Take the entries that follow and return exactly the lines from the one holding "CAT 938M 轮式装载机" through the one holding "2025 Audi Q5 Premium Plus", both included. Nothing else is needed.
++++++++++++++++++++
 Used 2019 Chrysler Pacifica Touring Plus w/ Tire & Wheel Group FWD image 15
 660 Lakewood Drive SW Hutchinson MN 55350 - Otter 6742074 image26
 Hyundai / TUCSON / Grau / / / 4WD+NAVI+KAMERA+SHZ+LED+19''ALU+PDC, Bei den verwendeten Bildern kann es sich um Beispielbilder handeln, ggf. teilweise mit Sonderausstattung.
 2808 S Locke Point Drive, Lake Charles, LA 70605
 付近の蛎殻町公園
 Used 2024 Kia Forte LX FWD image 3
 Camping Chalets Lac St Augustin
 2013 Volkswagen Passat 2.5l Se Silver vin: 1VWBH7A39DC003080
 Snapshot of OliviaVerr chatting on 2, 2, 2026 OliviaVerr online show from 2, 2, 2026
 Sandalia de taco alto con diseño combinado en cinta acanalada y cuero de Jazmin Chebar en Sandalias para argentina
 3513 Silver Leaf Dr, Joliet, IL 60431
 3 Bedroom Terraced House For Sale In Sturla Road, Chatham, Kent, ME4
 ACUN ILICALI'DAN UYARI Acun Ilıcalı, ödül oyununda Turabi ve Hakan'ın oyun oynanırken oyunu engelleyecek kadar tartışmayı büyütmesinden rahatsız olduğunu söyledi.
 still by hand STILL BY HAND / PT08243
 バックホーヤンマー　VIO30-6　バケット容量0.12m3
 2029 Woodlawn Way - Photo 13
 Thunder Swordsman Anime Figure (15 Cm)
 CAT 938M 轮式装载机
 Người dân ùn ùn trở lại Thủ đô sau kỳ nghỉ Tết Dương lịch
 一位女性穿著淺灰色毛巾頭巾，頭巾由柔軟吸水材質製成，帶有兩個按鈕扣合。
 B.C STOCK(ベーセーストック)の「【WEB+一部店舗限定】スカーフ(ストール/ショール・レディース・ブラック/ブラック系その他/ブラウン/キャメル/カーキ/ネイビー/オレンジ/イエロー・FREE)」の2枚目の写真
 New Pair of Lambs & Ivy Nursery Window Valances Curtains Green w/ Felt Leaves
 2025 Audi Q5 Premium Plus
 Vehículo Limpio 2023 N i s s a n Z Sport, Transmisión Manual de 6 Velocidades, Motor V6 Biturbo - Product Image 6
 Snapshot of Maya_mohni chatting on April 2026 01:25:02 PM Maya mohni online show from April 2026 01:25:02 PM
++++++++++++++++++++
__Exercise output__.
 CAT 938M 轮式装载机
 Người dân ùn ùn trở lại Thủ đô sau kỳ nghỉ Tết Dương lịch
 一位女性穿著淺灰色毛巾頭巾，頭巾由柔軟吸水材質製成，帶有兩個按鈕扣合。
 B.C STOCK(ベーセーストック)の「【WEB+一部店舗限定】スカーフ(ストール/ショール・レディース・ブラック/ブラック系その他/ブラウン/キャメル/カーキ/ネイビー/オレンジ/イエロー・FREE)」の2枚目の写真
 New Pair of Lambs & Ivy Nursery Window Valances Curtains Green w/ Felt Leaves
 2025 Audi Q5 Premium Plus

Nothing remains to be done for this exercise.